We are now in uncharted territory and Wenger has two choices for today’s team selection:
1) He gives the same players a chance to make some sort of amends by picking them again.
2) He follows up his big talk with some action and drops those who’ve not been pulling their weight.
Wenger is not a fan of option two. His man management strategy has generally been to keep picking players he has faith in no matter how badly they perform, offering the carrot instead of the stick. In certain cases it works well — Song, Koscielny and even van Persie are now established first-choice players despite uncertain starts to their Arsenal careers. Wenger supporters often cite this as a reason to keep faith in him, but there have been far more players who haven’t responded to his gentle, fatherly nurturing — Denilson, Bendtner, Eboue, Aliadiere, Senderos and Traore spring to mind.
You want £90k a week? Show that you deserve it then
Now would be the ideal opportunity to hammer home the message that having talent and potential isn’t enough — you need application, spirit and a competitive edge. They need to show a burning desire to win and not be allowed to simply go through the motions safe in the knowledge they’ll be picked for the next game no matter what.
Wenger would be well within his rights to drop some or all of Walcott, Song, Rosicky, Ramsey and Djourou. In fact it would be long overdue in some cases. He could replace them with Oxlade-Chamberlain, Coquelin, Gervinho, Benayoun and Squillacci. Yes, even Squillacci — could he really play any worse than Djourou did?
So which way will Wenger go and what are the ramifications?
If he chooses option one and the team doesn’t respond, it’s a disaster. It would be a clear sign that Wenger has lost the dressing room and can’t motivate the players any longer. If he cannot coax a reaction from them after the fallout from Milan, it’s evidence these players no longer believe in him or his methods.
If they do respond though, we may well save a season that is heading for disaster.
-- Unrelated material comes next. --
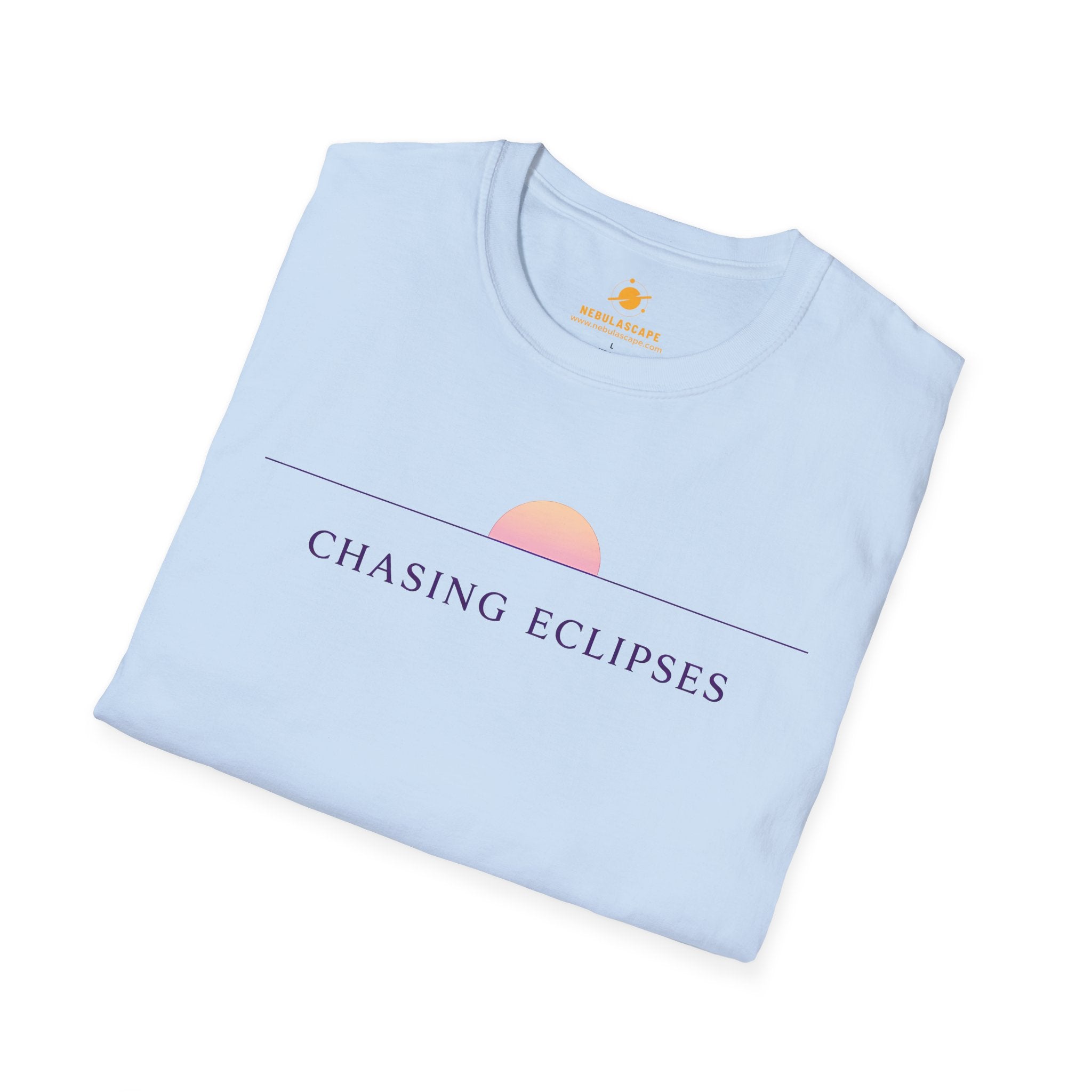 Chasing Eclipses Graphic Tee — Minimal Sunrise Moon Print T-Shirt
As I write this I have one eye on a woeful Chelsea performance against Birmingham in the FA Cup — they are in freefall and as inconsistent as we are I feel we can still nick fourth place from them if Wenger can somehow instill some hunger and desire in his team.
If he goes with option two it could be seen as an admittance from Wenger that placating these players and accepting their mediocre performances for so long has been a mistake. It may even hint at a shift in his principles and the emergence of a more ruthless Wenger, which I don’t think would be a bad thing at all.
I don’t know what the correct course of action is for today, but then I’m not paid £7m a year to figure that out. I hope he makes the right call and my gut tells me he will go with option one. What I do know is that today’s team selection and subsequent performance carries a lot more significance than usual. I think we are going to find out an awful lot about the players and Wenger by the end of the day.